**About this task**
Only the lines below from the one containing "connecteur coaxial (RF)" through the last line should be set down, exactly as written and with no pictures.

**Recorded information**
BEGIN
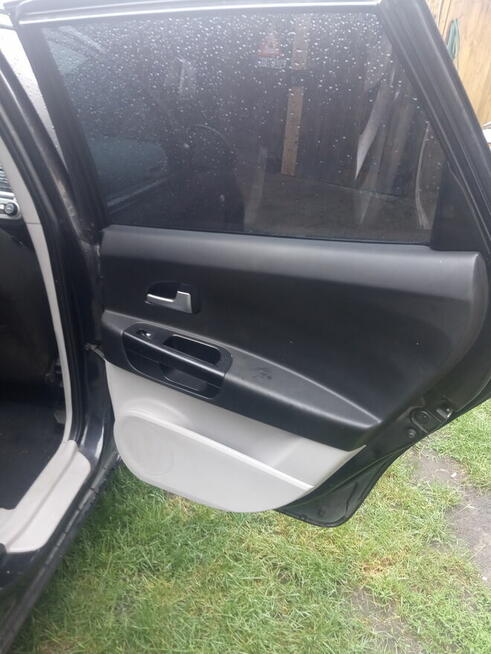 Sprzedam Kia ceed 1,6,b+g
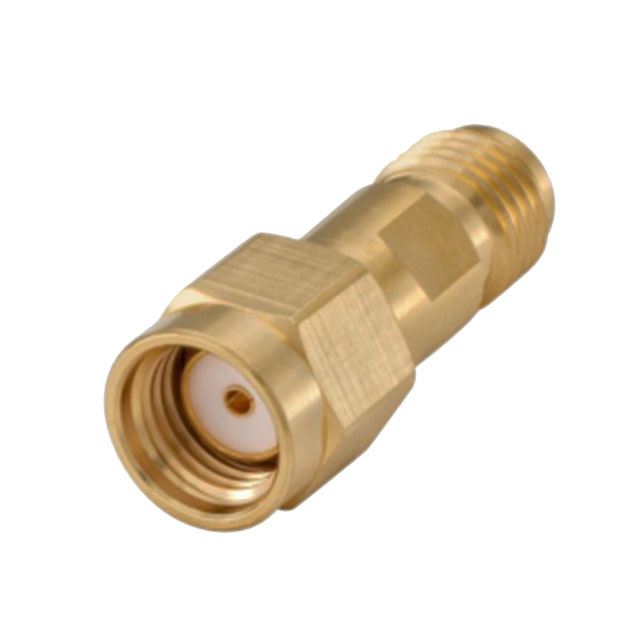 32RS132-K00L5 Rosenberger  Adaptateurs de connecteur coaxial (RF)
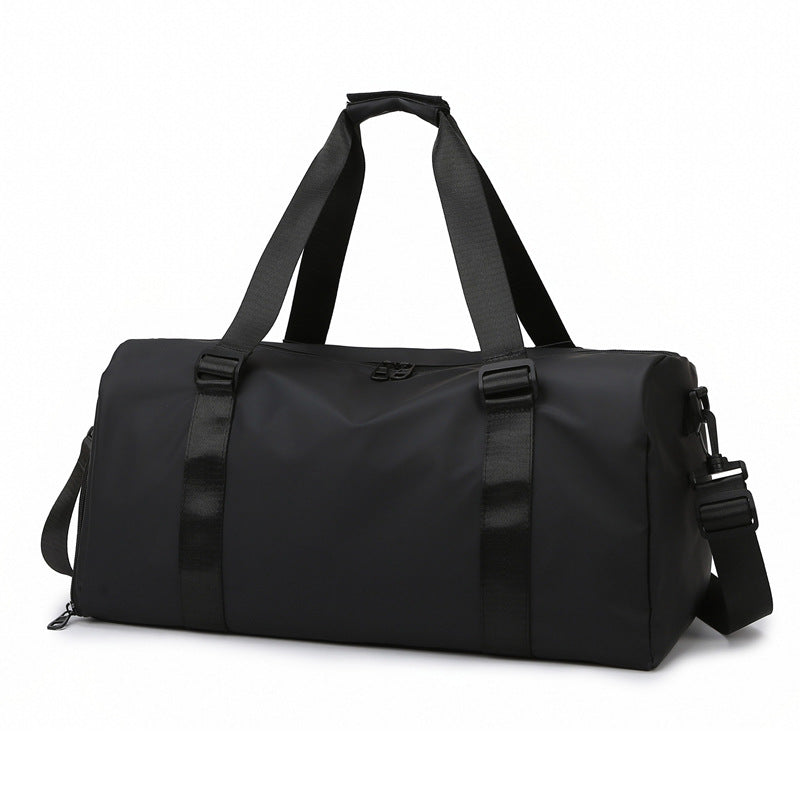 Damen Multifunktionale Sport- und Reisetasche Brehn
END
**Result**
 32RS132-K00L5 Rosenberger  Adaptateurs de connecteur coaxial (RF)
 Damen Multifunktionale Sport- und Reisetasche Brehn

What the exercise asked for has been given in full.